- The infrastructure of a destroyed saw mill is being re-engineered. One project involves installing a micro hydroelectric power station at the end of an existing pipeline. The hydraulic power available to the generator was estimated. Much construction and engineering work has gone into the design and partial build of this power station, including the repair of a pipeline, re-routing the lower pipeline section, and building a bridge. This project focuses on the pipeline that brings water to the power station.
When supplying water to a power station, a pipeline is sometimes called a penstock. In this case, the penstock travels 4 miles underground to bring water from a creek to the power station. There are two possible penstock routes: the old route which comes straight from the creek to the burned mill complex where it zigzags below the ruins through many fittings before reaching the turbine house; and the new route which splices into the old pipeline just before the mill complex and takes a direct path over a bridge to the turbine house. At this point, both pipeline routes are nearly operational and their respective paths were accurately mapped. To assist with turbine and generator selection, an estimate for available hydraulic power was made.

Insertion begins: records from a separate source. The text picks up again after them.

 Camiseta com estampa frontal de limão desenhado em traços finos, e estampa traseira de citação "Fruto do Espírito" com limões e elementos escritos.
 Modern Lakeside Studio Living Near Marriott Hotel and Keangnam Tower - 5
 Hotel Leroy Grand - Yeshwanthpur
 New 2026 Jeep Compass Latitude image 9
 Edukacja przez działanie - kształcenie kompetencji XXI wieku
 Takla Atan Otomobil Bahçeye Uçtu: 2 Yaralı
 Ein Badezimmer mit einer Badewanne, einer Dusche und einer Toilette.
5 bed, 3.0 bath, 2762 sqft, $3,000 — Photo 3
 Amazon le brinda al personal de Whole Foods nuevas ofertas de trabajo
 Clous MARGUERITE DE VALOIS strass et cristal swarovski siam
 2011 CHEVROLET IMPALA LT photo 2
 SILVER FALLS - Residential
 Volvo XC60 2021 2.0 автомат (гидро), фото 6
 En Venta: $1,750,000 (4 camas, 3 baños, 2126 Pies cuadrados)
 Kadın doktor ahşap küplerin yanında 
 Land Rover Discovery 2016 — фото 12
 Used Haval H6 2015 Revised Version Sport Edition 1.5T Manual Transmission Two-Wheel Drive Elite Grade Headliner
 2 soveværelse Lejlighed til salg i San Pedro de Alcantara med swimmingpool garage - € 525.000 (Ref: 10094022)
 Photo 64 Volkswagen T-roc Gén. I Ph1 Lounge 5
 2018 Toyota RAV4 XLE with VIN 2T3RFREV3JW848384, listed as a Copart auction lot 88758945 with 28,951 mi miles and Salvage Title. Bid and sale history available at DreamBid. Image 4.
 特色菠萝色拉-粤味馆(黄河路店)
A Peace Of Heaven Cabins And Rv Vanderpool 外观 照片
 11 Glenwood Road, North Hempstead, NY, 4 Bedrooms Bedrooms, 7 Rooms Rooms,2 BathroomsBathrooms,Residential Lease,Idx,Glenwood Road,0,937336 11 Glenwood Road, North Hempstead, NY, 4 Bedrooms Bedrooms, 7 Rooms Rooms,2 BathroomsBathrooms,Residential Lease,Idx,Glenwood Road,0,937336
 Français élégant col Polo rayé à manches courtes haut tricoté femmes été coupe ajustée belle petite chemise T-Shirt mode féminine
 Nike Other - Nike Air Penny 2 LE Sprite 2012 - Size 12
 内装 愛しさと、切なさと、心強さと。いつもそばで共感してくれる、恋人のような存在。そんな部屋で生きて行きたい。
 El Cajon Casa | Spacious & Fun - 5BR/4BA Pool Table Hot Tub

Estimating hydraulic power involves calculating the theoretical maximum power available from the water flowing through a perfect penstock, then subtracting the power lost due to friction, pipeline geometry, and fittings. This was done for several different flow rates. The annual flow variations in the head source creek were also accounted for to ascertain whether sufficient power would be available during the dry fall months. Local protected fish species and their susceptibility to injury by the power station were also noted. The 2001 flow measurements were used as a rough reference.
Pipeline mapping was done using archival maps, GPS, Google, a skydiving altimeter, and static penstock pressure readings. Fittings were counted – with assistance from the map archive – by re-tracing the penstock route above ground and counting the protruding structures. Several old timers, who worked on the pipeline back in the day and still live in the area, were solicited for help during this stage. Pipe material and dimensions was accounted for in much the same way.
Head loss and available power predictions at several flow rates were calculated via two methods: Darcy-Weisbach and Hazen-Williams. Discrepancies between the two methods were noted and discussed. The final results were compared to the 2001 flow measurements and a preliminary turbine selection was made. Future testing was planned.